Do ponto de vista interno: Os partidos Políticos devem se encarar como adversários e não como inimigos, daí que é preciso que nos debates políticos saibam reconhecer, respeitar as ideias dos outros; em períodos de campanhas eleitorais, o vandalismo e a pancadaria devem ser desencorajados e entendidos como anti-democráticos;

- Quando a pobreza é absoluta, esta alia-se à pobreza espiritual, mental e material; o nível das diferenças entre o povo moçambicano é maior. Há poucos com recursos que suplantam a de muitos moçambicanos, este é já um indício de um problema.

- A criminalidade, que tende a crescer, o que revela que os valores e princípios morais estão cada vez mais a serem postos em causa, e a inoperância das instituições do Estado; Apesar da laicidade estatal em Moçambique, há que se estabelecer a coordenação entre os vários segmentos sociais por forma a minimizar este mal.

-A partidarização do Estado e de outras instituições públicas (confunde-se o Estado e o Partido); quer dizer, os funcionários são obrigados a ter cartão como membros do Partido no Governo. De contrário, para além da conotação política, verificam-se perseguições, facto que choca com a questão de liberdade de expressão, de pensamento e de filiação partidária plasmados na Constituição moçambicana. È preciso que se evite o uso de recursos de qualquer natureza que sejam do Estado para finalidades de um certo partido.

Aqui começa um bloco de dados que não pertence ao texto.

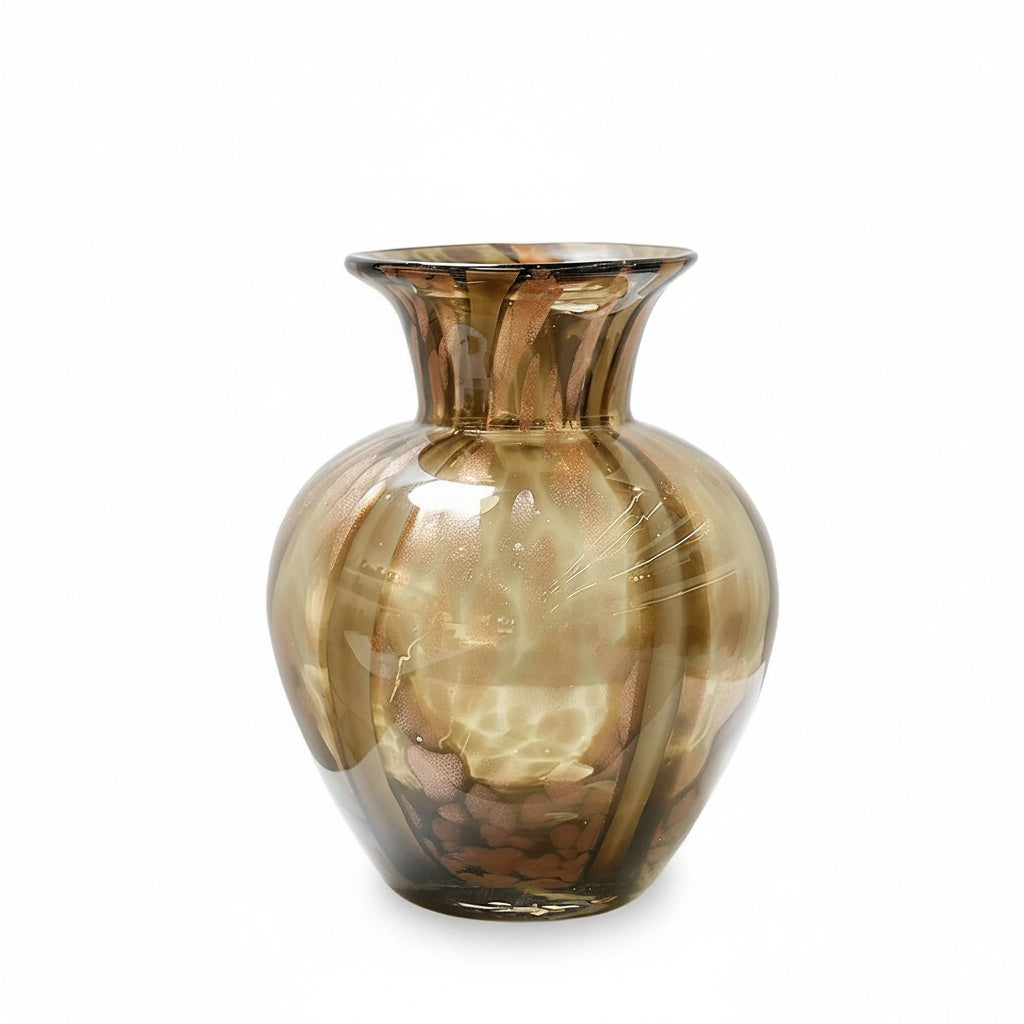 Patterned Amber Glass Flared Vase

- O Regionalismo (tribalismo); o desempenho das funções públicas, os cargos, as ocupações profissionais não devem ter em conta o espaço de origem de cada indivíduo, afinal de contas, somos todos moçambicanos. A regionalização do país não deve ser sinónimo da divisão de um povo.

- Má distribuição dos recursos materiais (a periferia tida como pólo de desenvolvimento é menos equipada que o centro); aliado às acentuadas diferenças no desenvolvimento socioeconómico do país, olhando para as regiões Sul, Centro e Norte;

- A má governação, caracterizada pelo nepotismo, favoritismo, corrupção nas Instituições, entre outros, minam a observância dos direitos dos cidadãos, podendo enfurece-los os cidadãos e pode mesmo levar a uma insurreição generalizada. Basta recordar os acontecimentos do 5 de Fevereiro de 2008 em Gaza e Maputo). (Mole, s/d, p.116-117).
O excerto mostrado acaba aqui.